» **Activity**:
The task requires restating, word for word, the lines of the entries below from the one containing "Used 2018 Jeep Cherokee Limited FWD image 4" through the final one, both included.

» **Stored data**:
= Beginning of Section =
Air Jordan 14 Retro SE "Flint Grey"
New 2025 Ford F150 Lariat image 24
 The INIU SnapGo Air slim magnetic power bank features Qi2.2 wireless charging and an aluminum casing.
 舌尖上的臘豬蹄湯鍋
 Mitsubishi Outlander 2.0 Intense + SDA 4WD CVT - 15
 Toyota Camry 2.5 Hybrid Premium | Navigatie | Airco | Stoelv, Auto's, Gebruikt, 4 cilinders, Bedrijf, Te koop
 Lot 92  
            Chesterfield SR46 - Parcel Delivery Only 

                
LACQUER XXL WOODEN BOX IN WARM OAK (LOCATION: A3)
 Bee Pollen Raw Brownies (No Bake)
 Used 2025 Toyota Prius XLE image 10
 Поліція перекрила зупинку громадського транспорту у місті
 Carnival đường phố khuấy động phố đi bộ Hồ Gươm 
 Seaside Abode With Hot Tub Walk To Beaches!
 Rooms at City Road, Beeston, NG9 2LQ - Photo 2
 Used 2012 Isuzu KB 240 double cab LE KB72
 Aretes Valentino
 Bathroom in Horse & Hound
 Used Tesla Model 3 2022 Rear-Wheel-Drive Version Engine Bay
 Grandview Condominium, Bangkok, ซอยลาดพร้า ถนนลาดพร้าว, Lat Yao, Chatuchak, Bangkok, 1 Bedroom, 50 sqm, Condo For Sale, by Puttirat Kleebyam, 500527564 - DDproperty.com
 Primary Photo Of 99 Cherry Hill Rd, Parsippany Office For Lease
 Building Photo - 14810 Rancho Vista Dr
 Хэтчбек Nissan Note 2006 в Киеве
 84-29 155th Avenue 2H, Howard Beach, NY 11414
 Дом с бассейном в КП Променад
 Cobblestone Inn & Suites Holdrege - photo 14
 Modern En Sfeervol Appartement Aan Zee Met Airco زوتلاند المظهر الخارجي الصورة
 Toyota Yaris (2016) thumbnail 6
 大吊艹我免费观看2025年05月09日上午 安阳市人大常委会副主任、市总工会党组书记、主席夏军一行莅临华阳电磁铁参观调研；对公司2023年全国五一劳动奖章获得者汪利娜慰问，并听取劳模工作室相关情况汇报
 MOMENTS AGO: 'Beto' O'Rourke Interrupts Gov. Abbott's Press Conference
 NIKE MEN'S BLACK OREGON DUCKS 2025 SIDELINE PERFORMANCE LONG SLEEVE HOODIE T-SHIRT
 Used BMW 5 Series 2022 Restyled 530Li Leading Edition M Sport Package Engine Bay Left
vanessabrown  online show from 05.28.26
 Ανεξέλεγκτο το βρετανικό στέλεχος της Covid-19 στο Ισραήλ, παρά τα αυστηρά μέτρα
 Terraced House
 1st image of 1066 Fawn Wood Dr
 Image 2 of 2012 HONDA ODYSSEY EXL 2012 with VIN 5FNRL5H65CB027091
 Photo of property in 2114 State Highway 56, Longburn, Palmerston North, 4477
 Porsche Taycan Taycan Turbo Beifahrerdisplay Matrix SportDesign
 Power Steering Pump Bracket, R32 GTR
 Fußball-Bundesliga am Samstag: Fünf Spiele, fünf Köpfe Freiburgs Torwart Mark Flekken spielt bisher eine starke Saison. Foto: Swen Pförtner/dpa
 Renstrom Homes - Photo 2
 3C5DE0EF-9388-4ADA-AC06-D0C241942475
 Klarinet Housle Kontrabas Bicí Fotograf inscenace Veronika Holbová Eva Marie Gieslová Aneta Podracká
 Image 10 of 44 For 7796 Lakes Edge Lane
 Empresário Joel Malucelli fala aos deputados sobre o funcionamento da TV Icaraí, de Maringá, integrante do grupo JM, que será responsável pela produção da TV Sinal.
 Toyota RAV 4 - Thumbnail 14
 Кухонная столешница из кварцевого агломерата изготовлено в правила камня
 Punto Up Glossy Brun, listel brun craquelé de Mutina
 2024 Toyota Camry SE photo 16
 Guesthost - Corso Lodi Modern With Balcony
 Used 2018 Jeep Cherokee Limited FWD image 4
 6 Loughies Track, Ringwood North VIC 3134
= End of Section =
» **Task solution**:
 Used 2018 Jeep Cherokee Limited FWD image 4
 6 Loughies Track, Ringwood North VIC 3134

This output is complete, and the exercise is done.